Beginning of Performance Period

Eligible providers can choose to participate in MIPS from January 1, 2024

  • For Quality and Cost categories a full year (12-month) performance period is considered. No submission is required for the Cost category since this will be calculated by CMS.

JAN 1 2024 Starting period

  • For IA category, Eligible Providers can choose any 90 consecutive day time frame starting from January 1 – October 3, 2024, to report performance for.
  • As finalized starting PY 2024, for PI category, Eligible Providers can choose any 180 consecutive day time frame starting from January 1 – July 5, 2024, to report performance for.

Understanding Payment Adjustments for MIPS 2024

If an eligible provider participates in MIPS, the provider receives performance based payment adjustment according to the final score calculated from the data submitted.

The payment adjustment may be neutral, positive or negative depending upon the threshold score.

Opt-in eligible providers are also eligible to receive payment adjustments as per their performance. However, providers reporting voluntarily do receive feedback but not a payment adjustment.

The payment adjustments are applicable to the Medicare Part B services provided 2 years after the performance year. For example, the 2024 score will be used to calculate reimbursement of Medicare Part B claims in 2026.

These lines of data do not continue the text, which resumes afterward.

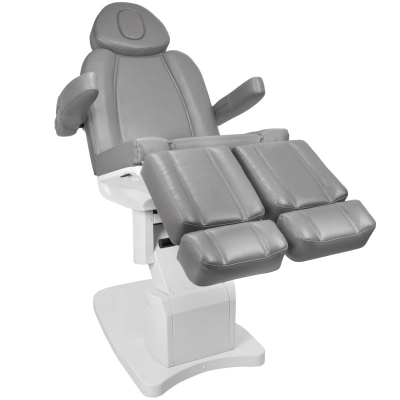 FOTEL KOSMETYCZNY ELEKTR. AZZURRO 708AS PEDI 3 SILN. SZARY getfull 596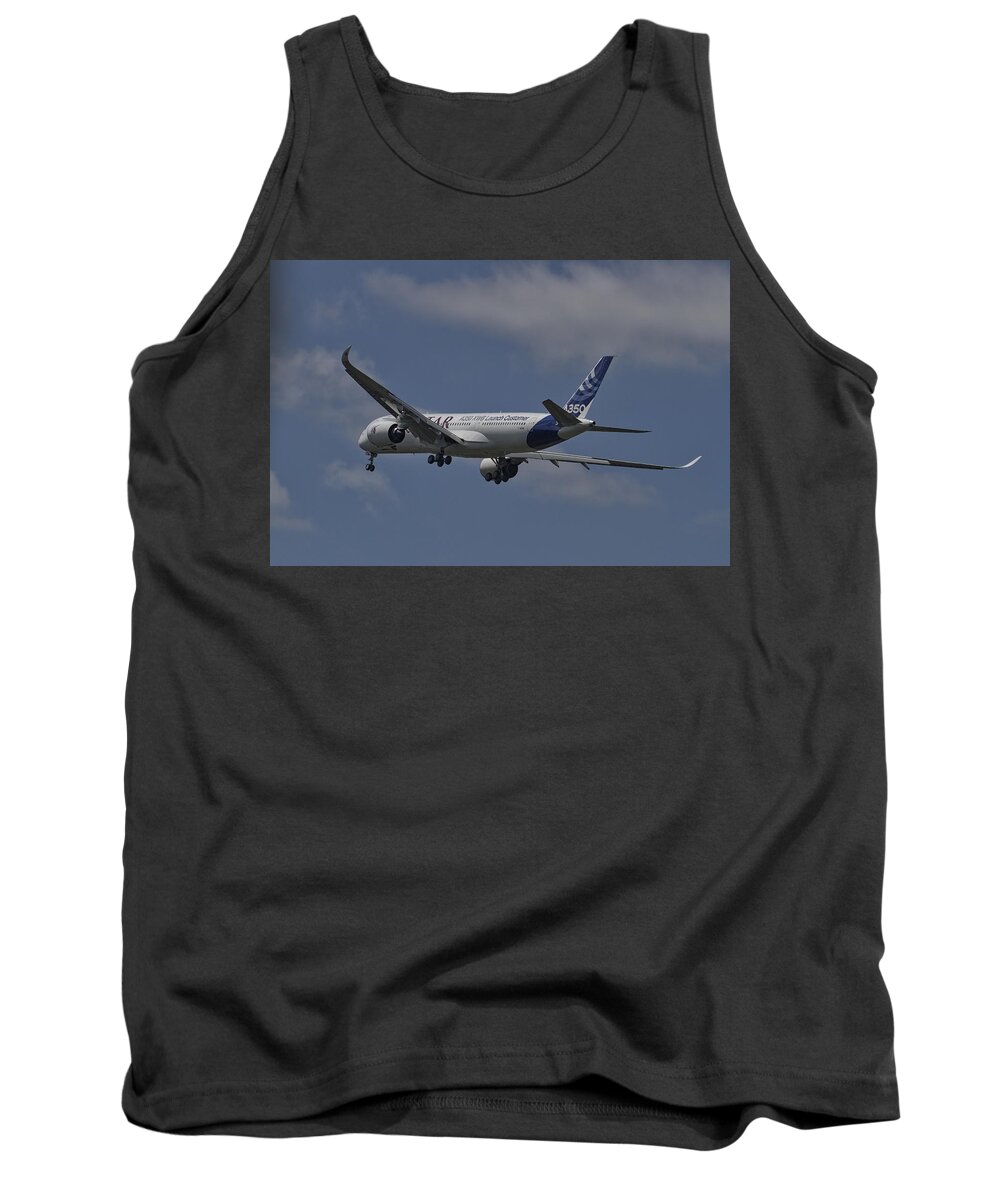 Transportation Tank Top featuring the photograph Airbus A350 by Shirley Mitchell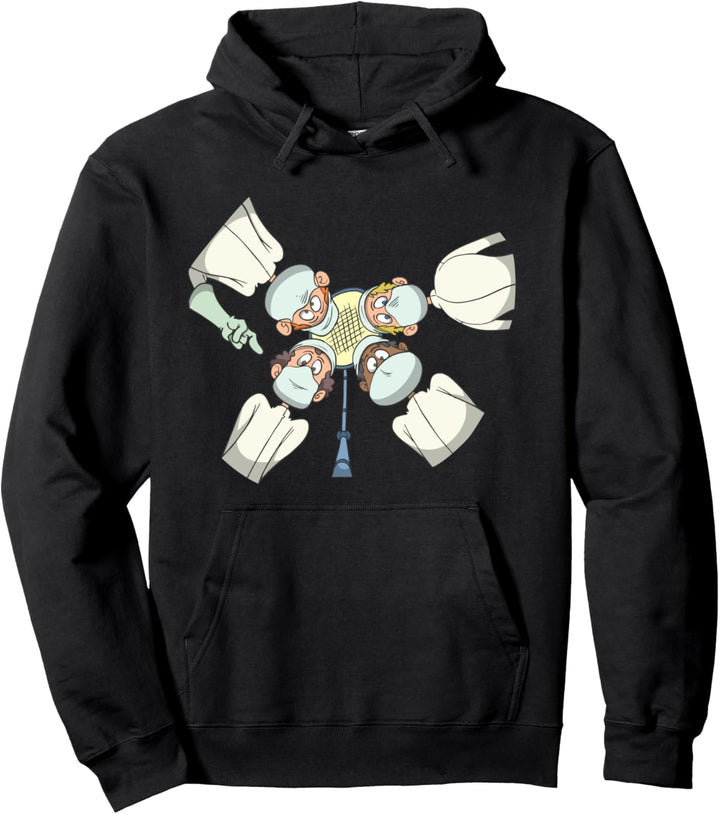 Krankenschwestern und Ärzte im OP-Saal Pullover Hoodie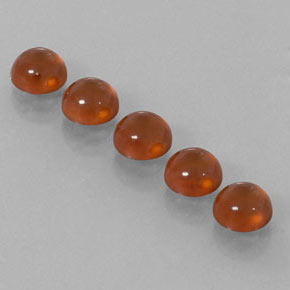 カラットの天然マンダリンオレンジヘソナイトガーネット（6.05 mm・透明）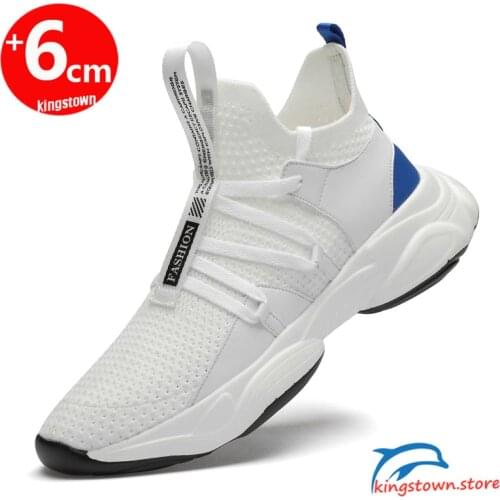 Sneakers Men Elevator Shoes Heightening shoes Height Increase Shoes Man High Increase Insole 6cm Sports Fashion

Payment Adjustment: Payment adjustment for the 2024 performance year ranges from – 9% to + 9% as per the CMS 2023 final rule. The scaling factor is determined in a way so that budget neutrality is achieved. The payment adjustment is applied to the amount Medicare Part B claims.

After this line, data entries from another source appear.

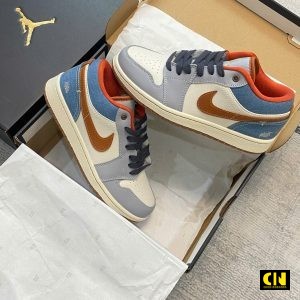 Giay Jordan 1 Low Denim Phantom Multi Mau Sac Giày Jordan 1 Low Denim Phantom Multi Màu Sắc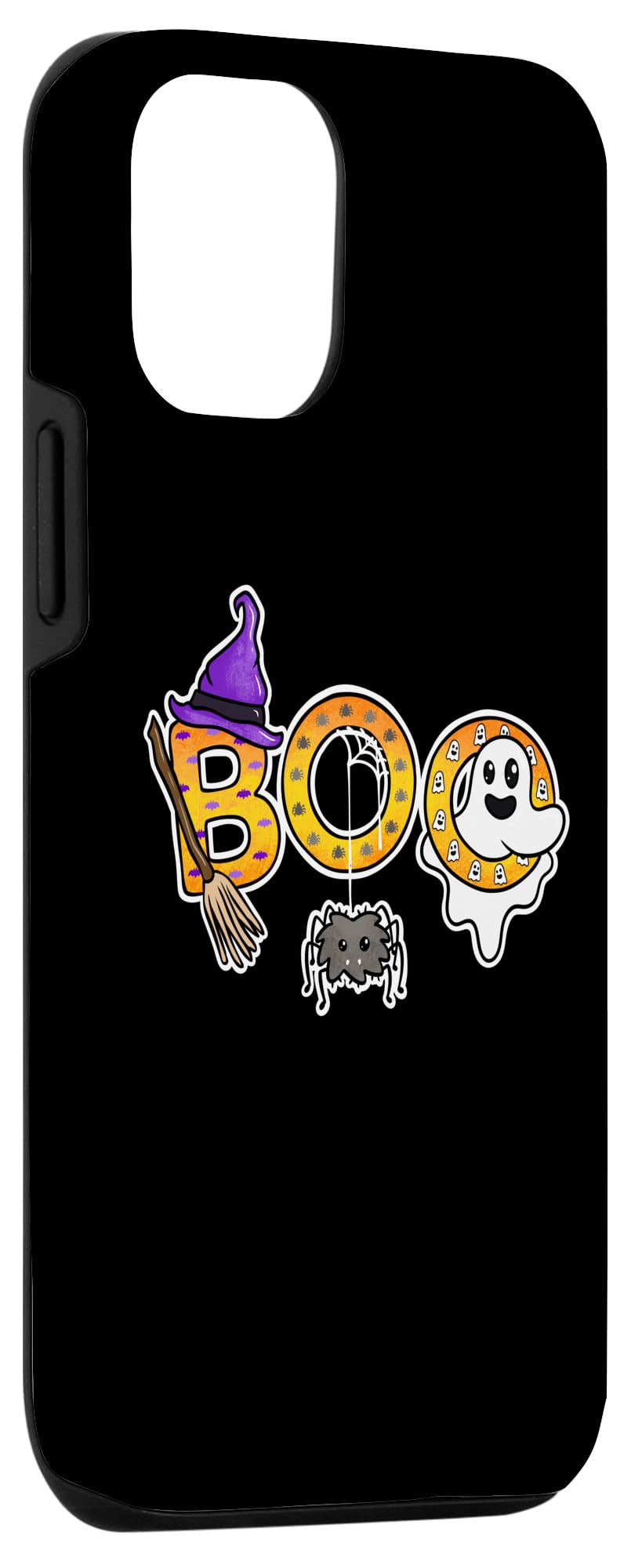 iPhone 13 Pro BOO Spiders Ghosts Pumpkin Witch Hat Halloween Costume Kids Case - Image 3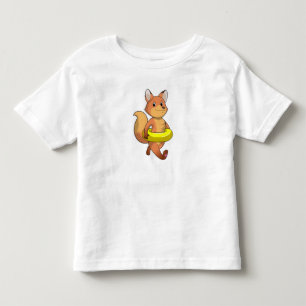 T-shirt Pour Les Tous Petits Renard avec Lifebuoy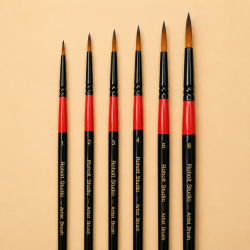 Roholt Studio Kunstnerpensels�t 6-Pak - Rund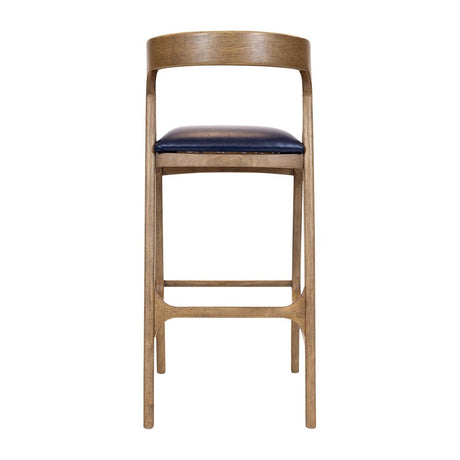 Copenhagen Bar Chair in Weathered Oak & Bison Midnight (6 Pack)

CMS has removed complex patient bonus starting PY 2023.

  • Limiting the bonus to clinicians who have a median or higher value for at least one of the two risk indicators (HCC and dual proportion).
  • Updating the formula to standardize the distribution of 2 two risk indicators so that the policy can target clinicians who have a higher share of socially and/or medically complex patients.
  • Increasing the bonus to a maximum of 10.0 points.

Application of Final Score to Payment Adjustment: CMS has changed this hierarchy beginning with the 2024 performance period/2026 payment year:

  • Virtual group final score
  • Highest available final score from APM Entity, APP, group, and/or individual participation

Submission Types for 2024

Submission Type is the mechanism by which the submitter type submits data to CMS:

  • Direct (transmitting data through a computer-to-computer interaction, such as an Application Program Interface, or API);
  • Sign in and upload (attaching a file);
  • Sign in and attest (manually entering data);
  • Medicare Part B claims;

CMS will aggregate quality measures collected through multiple collection types. If you submit the same measure through multiple collection types, CMS will select the collection type for that measure with the greatest number of measure achievement points for scoring.

With the exception of CMS Web Interface measures, CMS will aggregate quality measures collected through multiple collection types. If you submit the same measure through multiple collection types, we will select the collection type for that measure with the greatest number of measure achievement points for scoring.